What’s going on with UK press regulation?

A SLOVENIAN colleague asks: "What's going on with press regulation in the UK?" It is the sinking feeling in my stomach that tells me what a bizarre mess it has become. Here is an attempt at an answer. If you just want to know what's proposed, skip straight to sections E and G.

A In the beginning was the Press Complaints Commission. It was funded by newspapers. Many of its board members were editors of newspapers. It had some effect deterring editors against gross breaches of the code of conduct, merely from the sinking feeling when a complaint arrived and several days of your life disappeared into the resulting bureaucracy. As so often, the punishment was in the process, not the verdict. It also deterred editors from annoying or exposing those who were likely to make unjustified complaints, for the same reason. The NUJ consistently opposed it, not least for its owner bias and lack of effect in promoting actual ethical journalism.

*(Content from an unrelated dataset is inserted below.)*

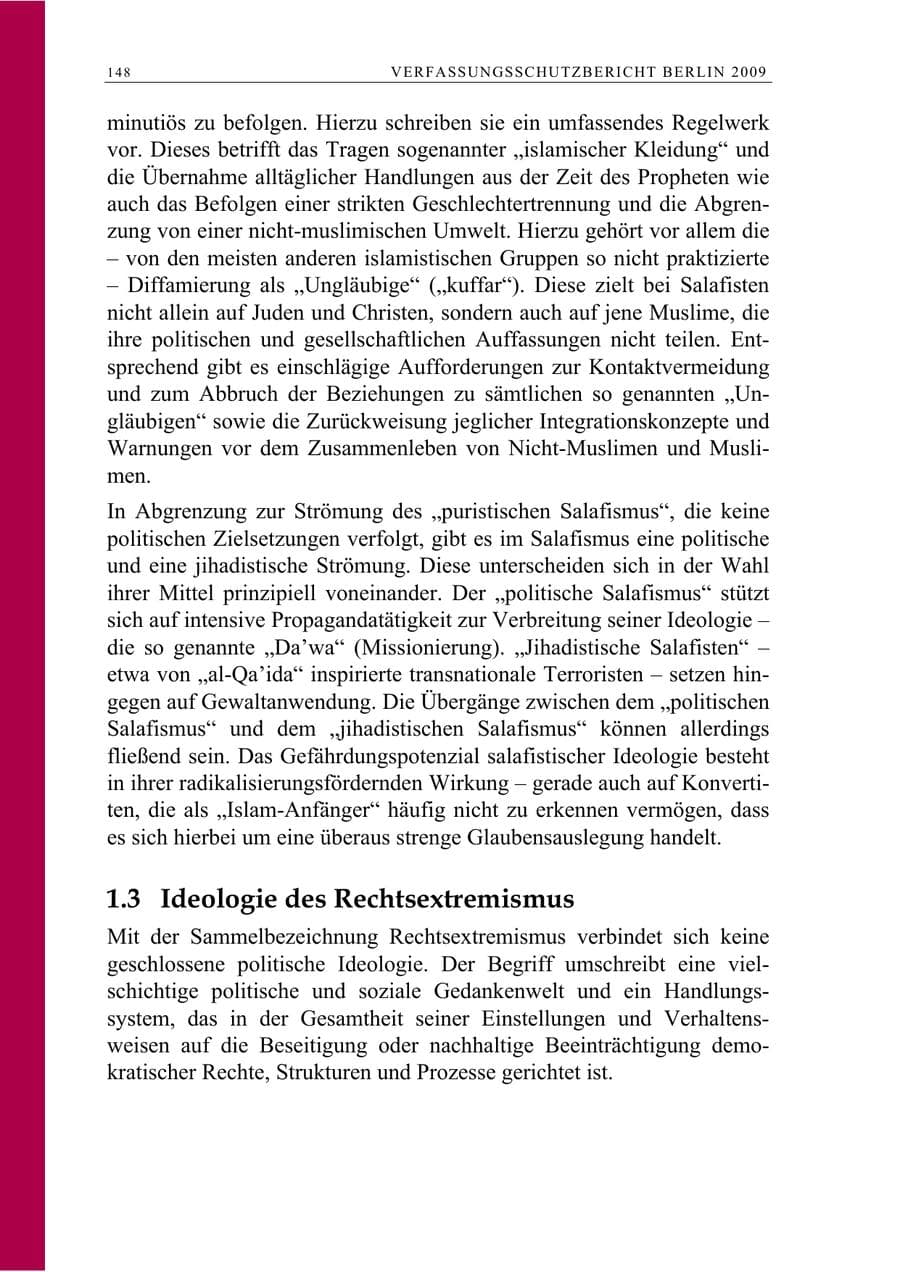 Seite 161 des Verfassungsschutzbericht 2009 Berlin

B Allegations of malpractice at News International newspapers rumbled on through the early years of the century. Clive Goodman, the royal editor of the News of the World, and a private detective admitted in 2007 to hacking Royal telephones. Owner News International insisted that Goodman was a lone "bad apple". The Guardian reported in July 2009, however, that NI had paid large settlements to more phone hacking victims, on condition of their silence.

C From Spring 2011 News International began publicly admitting liability and paying massive compensation to people whose phones the News of the World had tapped. Cases against it and other publishers, and criminal cases and appeals against their verdicts for offences such as paying bribes, continue. The News of the World was closed in July 2011 after it was reported that the phone of murdered Milly Dowler was hacked while she was missing in 2002. Later, to no-one's surprise, NI launched the Sun on Sunday.

D Lord Leveson, a senior judge, was appointed in July 2011 to conduct an inquiry into the "culture, practices and ethics of the press". Misdeeds were identified in a report published on 29 November 2012. Leveson recommended abolishing the PCC, quoting the then Prime Minister's description of it as "ineffective and lacking in rigour" and the Leader of the Opposition characterising it as a "toothless poodle".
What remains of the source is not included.